▸ **EXERCISE**:
Pictures should not appear in the copy; the records themselves must be written out exactly.

▸ **Items listed in a dataset**:
Segment Open

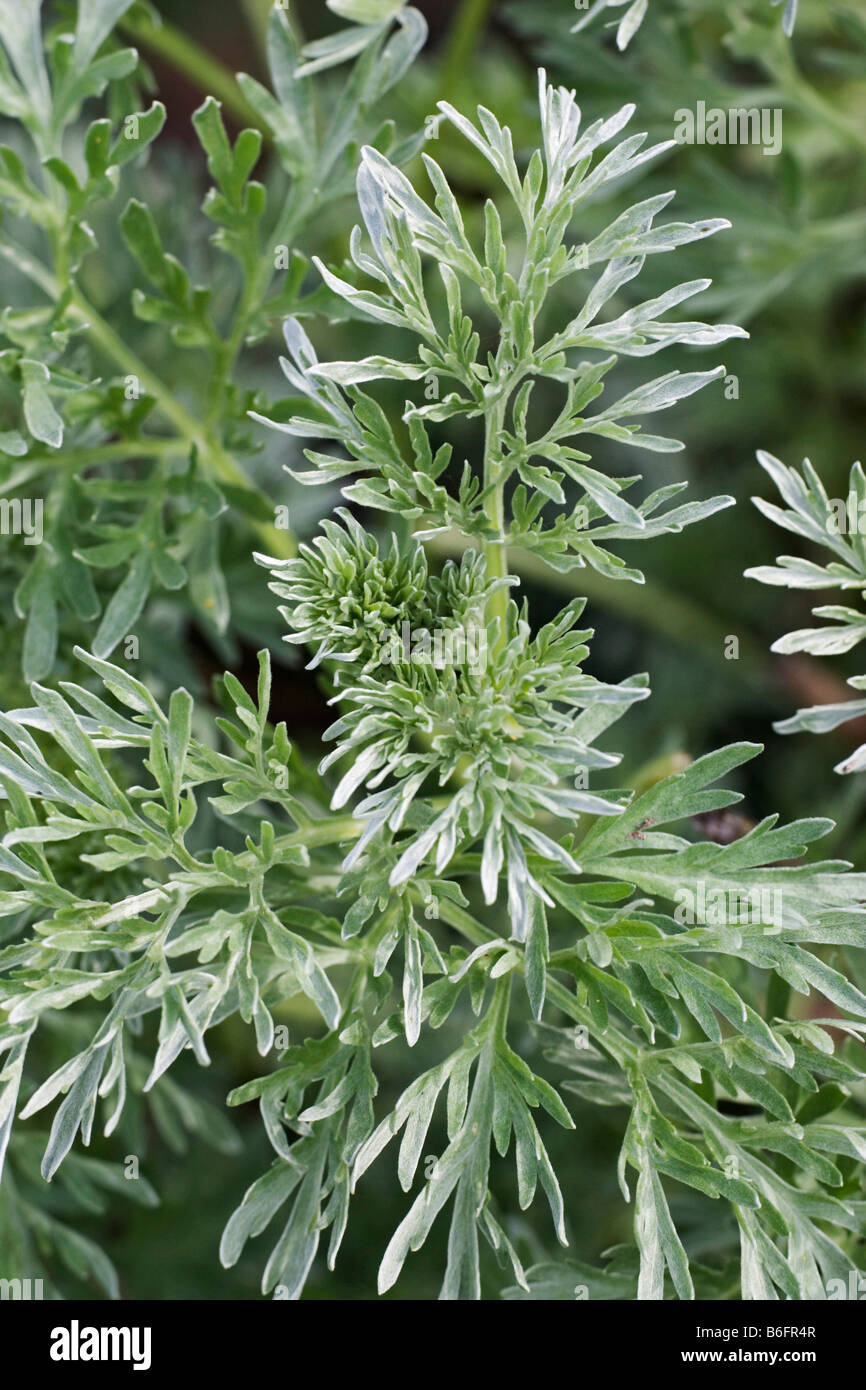 Absinthe Wormwood (Artemisia absinthium) leaves, Germany, Europe Stock Photo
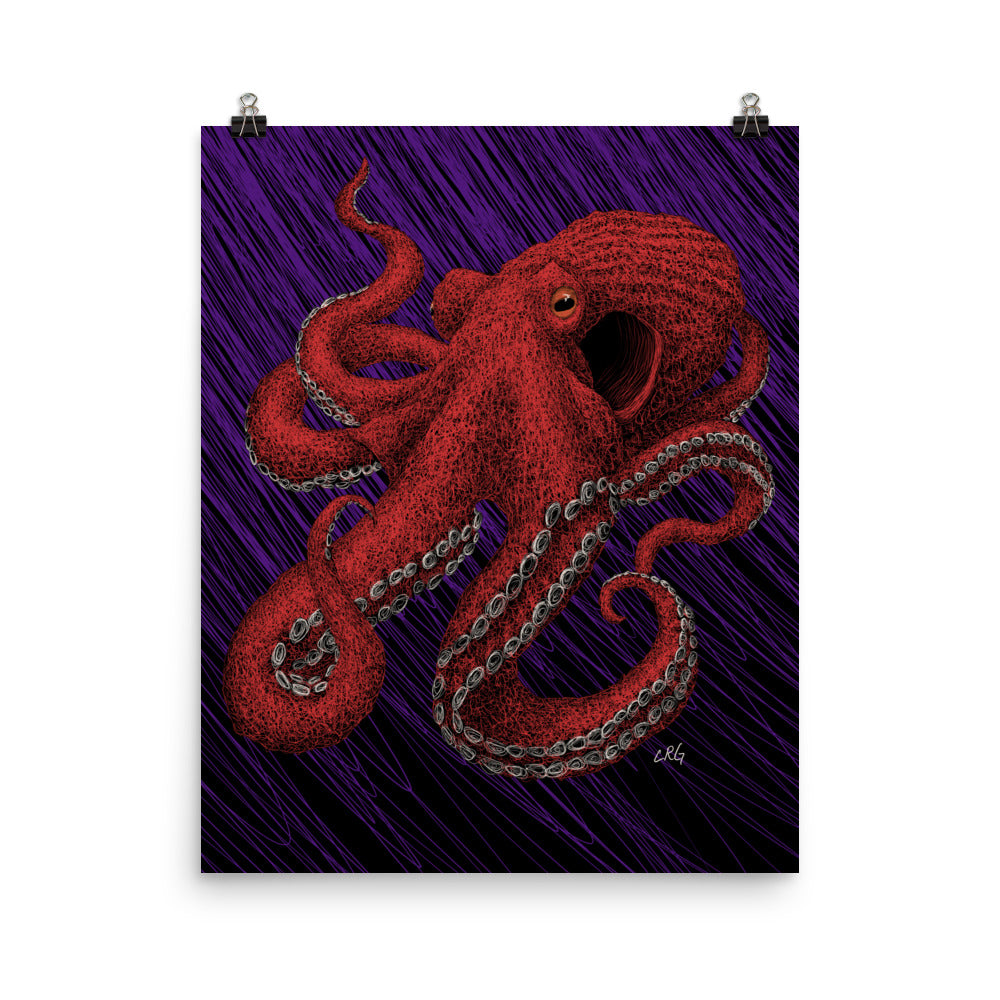 Octopus Art Print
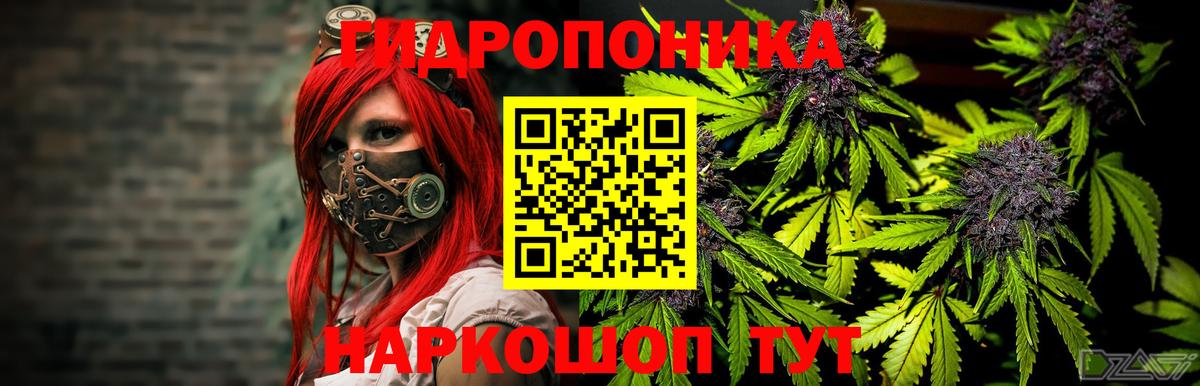 Бошки Шишки THC 21% Аша
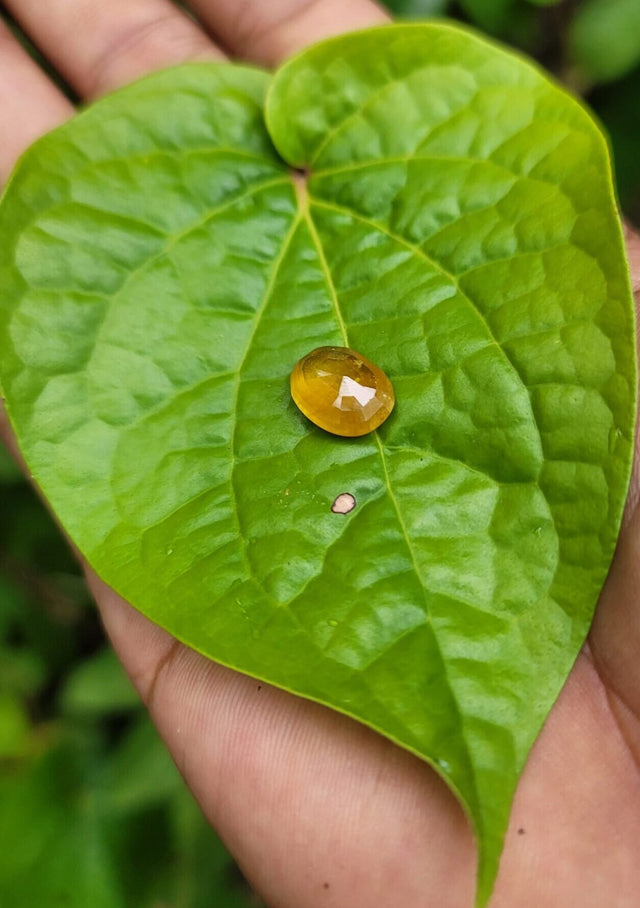 Yellow Sapphire (Guru)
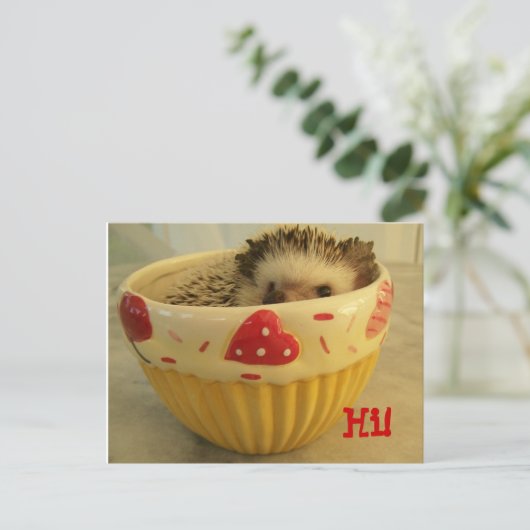 Hallo! Postkarte (Stehend Vorderseite)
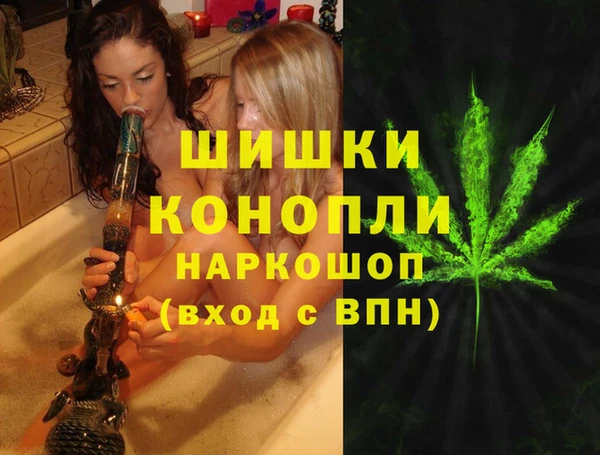 спайс Алзамай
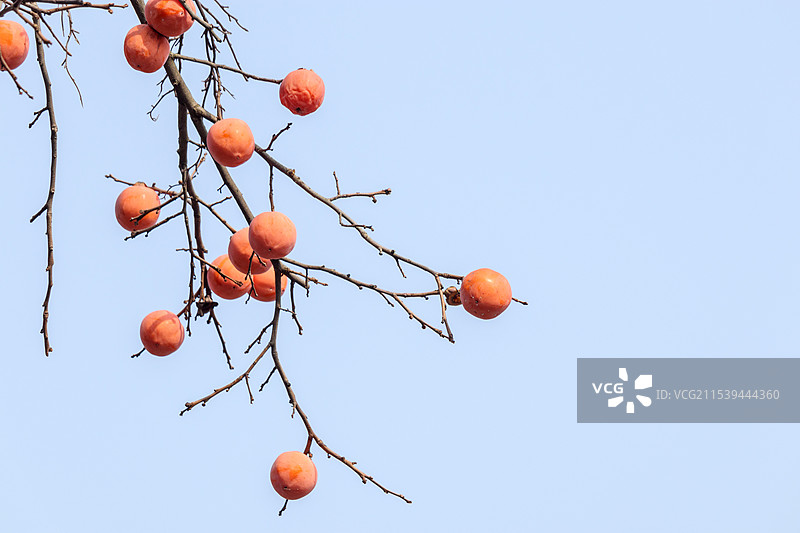 秋天霜降节气，晴天蓝色天空背景下，柿子树上悬挂的成熟柿子，金秋有机水果特写，中国风意境，秋高气爽风景图片素材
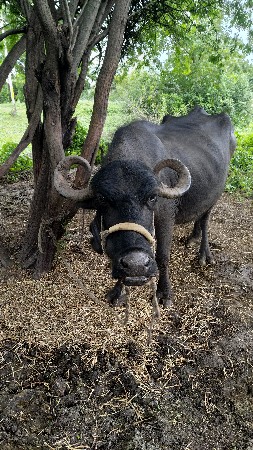 ભેંસ વેચવાની છે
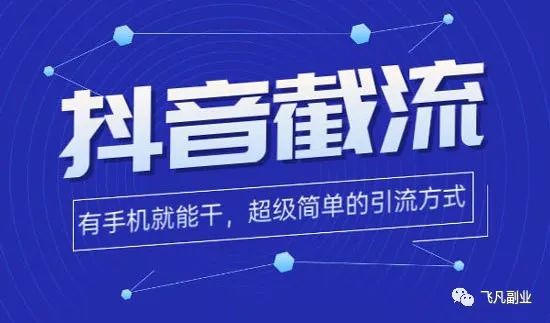 抖音精準(zhǔn)截流玩法，4個人一個月變現(xiàn)10萬-資源網(wǎng)站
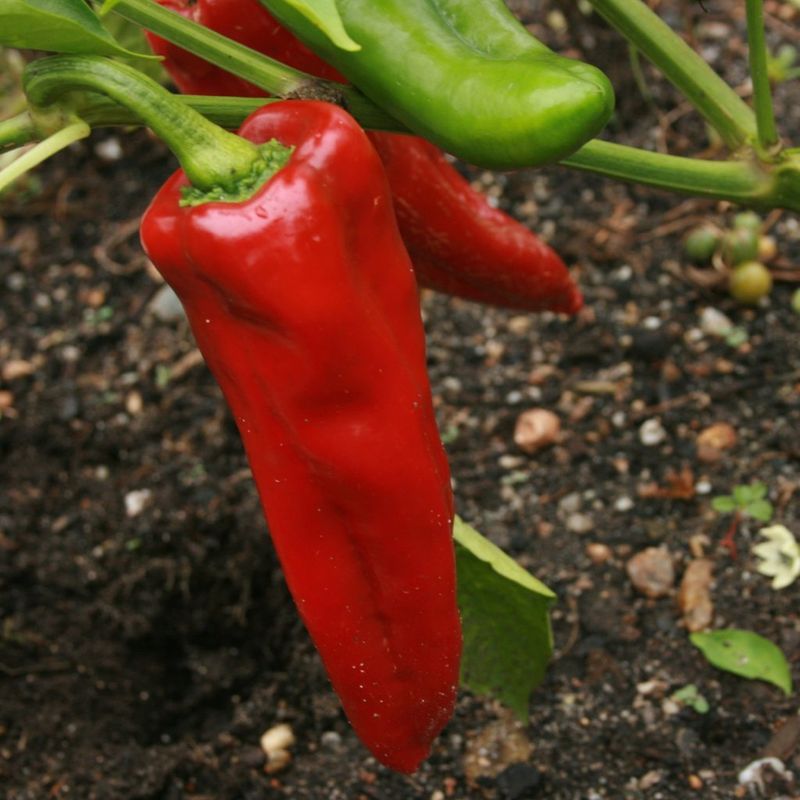 Marconi Peppers Do Well In Warm Weather Marconi Peppers Do Well In Warm Weather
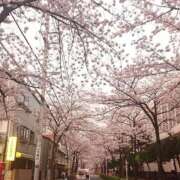 ヒメ日記 2026/04/20 16:05 投稿 黒木　さりな やみつきエステ2nd札幌店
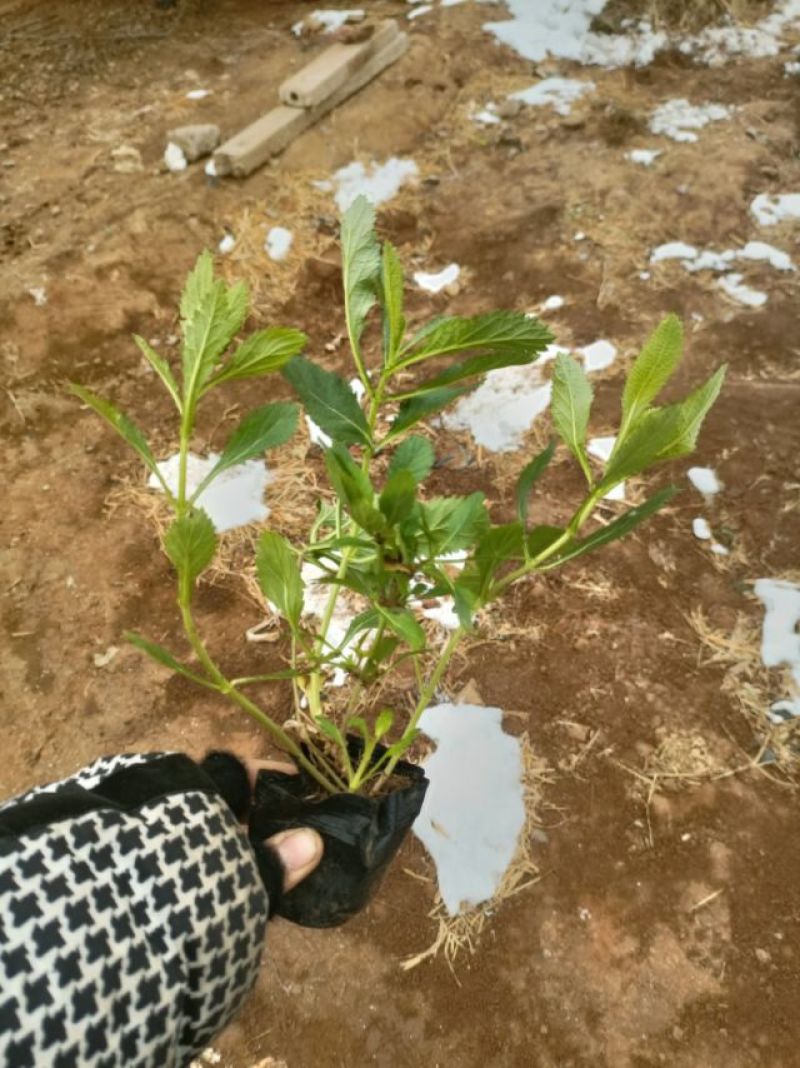 马鞭草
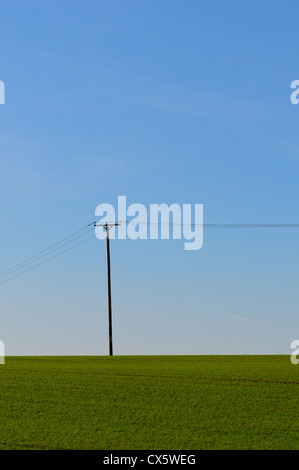 Un palo del telegrafo e i fili in un campo, REGNO UNITO Foto Stock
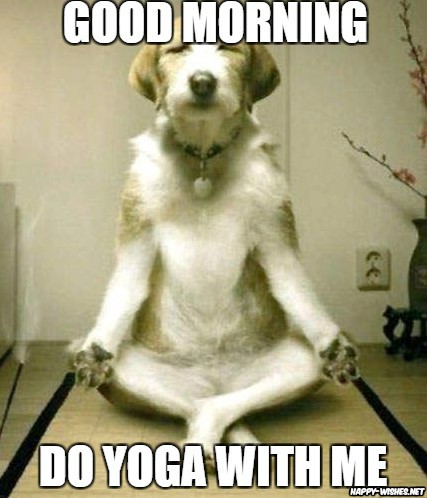 Good Morning Wishes with Dog doing Yoga meme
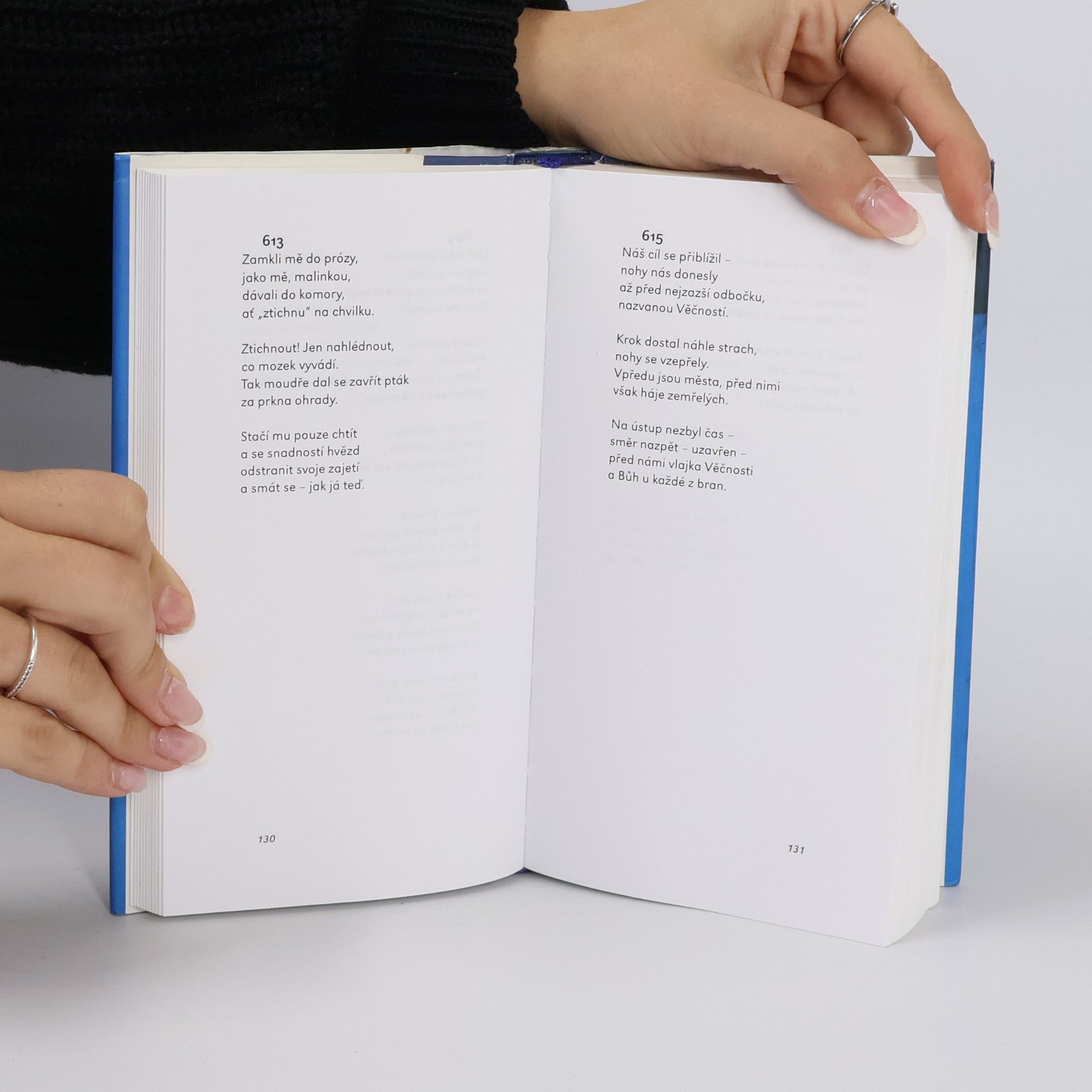 Emily Dickinson Neumím tančit po špičkách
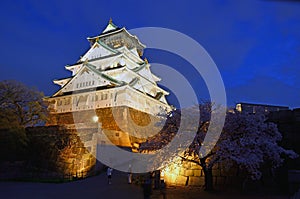 Osaka Castle and cherry trees at night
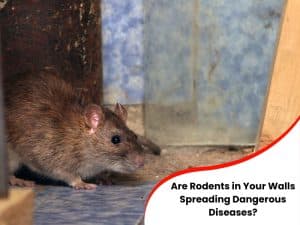 Close-up of a rat near a wall, emphasising the threat of rodents in walls.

Segment Closed

▸ **RESPONSE BELOW**:
 Absinthe Wormwood (Artemisia absinthium) leaves, Germany, Europe Stock Photo
 Octopus Art Print
 Бошки Шишки THC 21% Аша
 Yellow Sapphire (Guru)
 Hallo! Postkarte (Stehend Vorderseite)
 спайс Алзамай
 秋天霜降节气，晴天蓝色天空背景下，柿子树上悬挂的成熟柿子，金秋有机水果特写，中国风意境，秋高气爽风景图片素材
 ભેંસ વેચવાની છે
 抖音精準(zhǔn)截流玩法，4個人一個月變現(xiàn)10萬-資源網(wǎng)站
 Marconi Peppers Do Well In Warm Weather Marconi Peppers Do Well In Warm Weather
 ヒメ日記 2026/04/20 16:05 投稿 黒木　さりな やみつきエステ2nd札幌店
 马鞭草
 Un palo del telegrafo e i fili in un campo, REGNO UNITO Foto Stock
 Good Morning Wishes with Dog doing Yoga meme
 Emily Dickinson Neumím tančit po špičkách
 Osaka Castle and cherry trees at night
 Close-up of a rat near a wall, emphasising the threat of rodents in walls.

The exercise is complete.